Sarah Sze at Gagosian Basel and Art Basel Parcours

Comunicato Stampa disponibile solo in lingua originale. 

Sculpture is everything physical outside of the mind's eye. Painting is a sculpture. The digital is a sculpture. An image is a sculpture. They are sculpted with the senses: eyes, ears, mouths, fingers—all of them. The senses give form to these things, which we collect in order to build our imagination, memory, dreams—the nonphysical. Sculpture
is a lens, a portal, not a medium.
—Sarah Sze
Gagosian is pleased to present Sarah Sze's first-ever exhibition in Switzerland. This is her third exhibition with the gallery, coinciding with #artbasel2021. Sze's first largescale outdoor video work will be a key feature of this year's Art Basel Parcours.
A peerless bricoleur credited with "changing the potential of sculpture," Sze gleans from the physical and digital worlds, building artworks of staggering intricacy and diversity that invite minute observation while evoking a macroscopic perspective on the
infinite. Activating the borders that separate mediums, she reflects on the overload of virtual experience and the confusion that it creates with our real experience in physical space.
In paintings, sculptures, and video installations, Sze grapples with the ideas and matter of time and entropy, underscoring the precious and precarious nature of materiality. The works on view transform the galleries into a unified, image-laden expanse, allowing viewers to grasp the formal and conceptual breadth of Sze's practice. Cast sculptures Wider than the Sky and Pound for Pound (both from the 2020–21 series Fallen Sky) are directly related to Sze's landmark installation that was inaugurated at Storm King Art Center in upstate New York this summer. Inspired by ancient architecture and the language of ruins, they catch passing light and shadow, appearing as if already disintegrated.

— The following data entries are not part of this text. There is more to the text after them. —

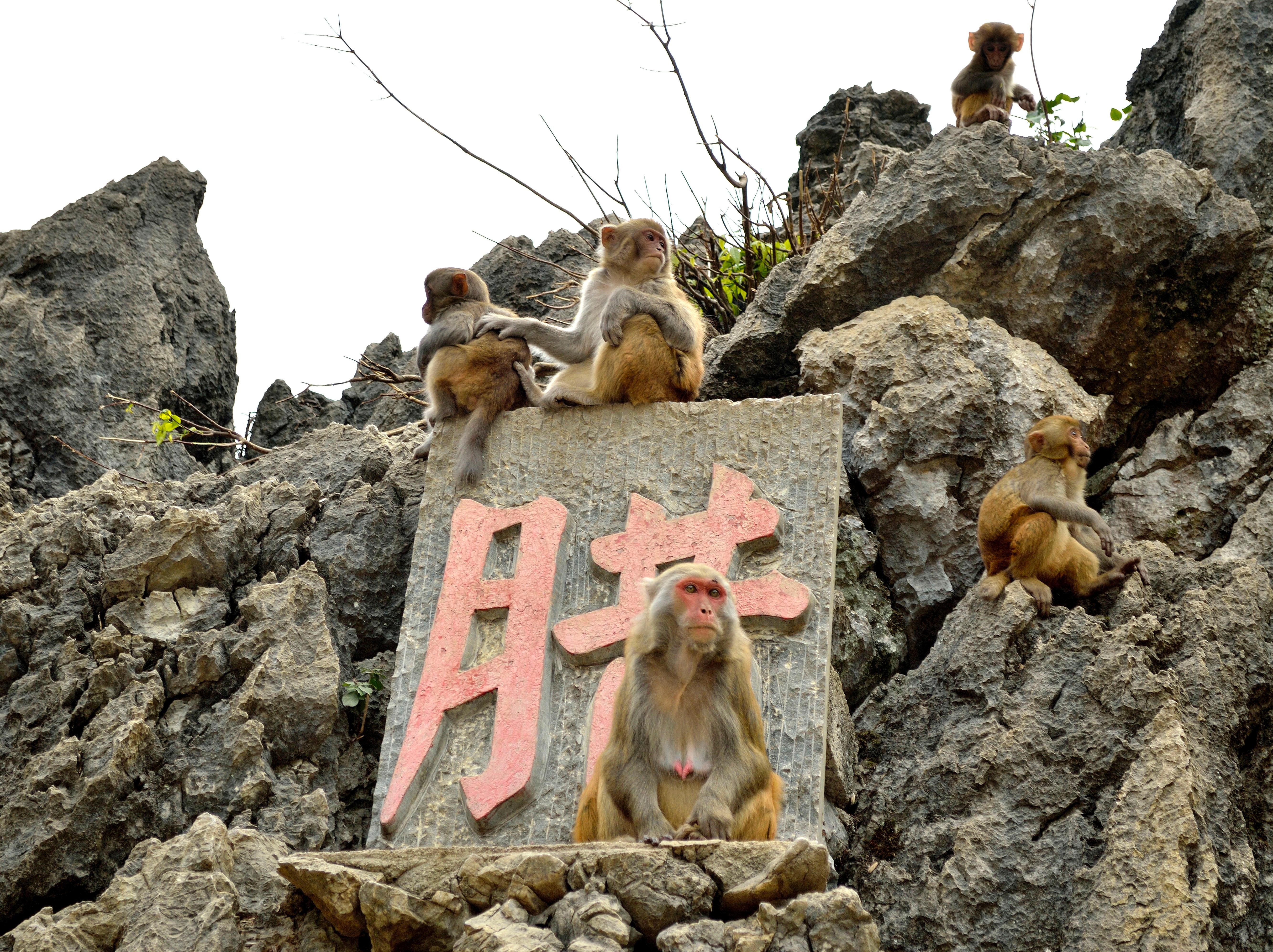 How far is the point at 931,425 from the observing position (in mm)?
6262

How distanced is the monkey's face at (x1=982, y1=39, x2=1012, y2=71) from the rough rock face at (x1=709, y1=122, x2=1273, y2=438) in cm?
90

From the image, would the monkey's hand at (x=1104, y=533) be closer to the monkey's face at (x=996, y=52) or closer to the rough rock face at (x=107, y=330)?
the monkey's face at (x=996, y=52)

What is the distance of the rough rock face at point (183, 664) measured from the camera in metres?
5.02

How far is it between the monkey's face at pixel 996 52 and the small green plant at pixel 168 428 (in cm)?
490

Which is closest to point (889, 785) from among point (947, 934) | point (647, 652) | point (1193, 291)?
point (947, 934)

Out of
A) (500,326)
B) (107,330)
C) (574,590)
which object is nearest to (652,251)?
(500,326)

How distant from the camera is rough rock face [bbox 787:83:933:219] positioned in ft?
31.8

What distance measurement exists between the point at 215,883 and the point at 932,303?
174 inches

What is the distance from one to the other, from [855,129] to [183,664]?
6.45m

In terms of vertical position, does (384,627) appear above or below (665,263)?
below

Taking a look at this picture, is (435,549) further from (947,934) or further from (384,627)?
(947,934)

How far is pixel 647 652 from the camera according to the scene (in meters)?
4.03

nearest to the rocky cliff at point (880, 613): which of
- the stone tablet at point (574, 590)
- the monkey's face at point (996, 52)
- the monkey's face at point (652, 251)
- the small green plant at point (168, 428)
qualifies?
the small green plant at point (168, 428)

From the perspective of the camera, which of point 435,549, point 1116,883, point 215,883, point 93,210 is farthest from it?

In recent years, Sze has also returned to painting, adapting the processes of sculptural accumulation to two dimensions. Her richly textured yet loosely structured paintings collapse multiple forms of picture making into a dynamic whole. Sze weaves layers of
paint and scraps of images—often visibly taped to the surfaces—into compositions of sweeping arcs, thrumming lines, and shimmering gradients. In freely combining photographic imagery and painterly mark making, these restless tableaux evoke the
fluidity of the digital realm while retaining the aura of the analog and the handmade. A play of light beckons viewers from the rear gallery where the latest of Sze's Timekeeper video installations plays, a co-op of structural elements and moving,
sounding digital parts. From a makeshift rigging a pendulum swings, perpetually marking time and space across a salt-covered arena ringed by process-related flotsam and jetsam while disembodied video images track around the room, like searchlights.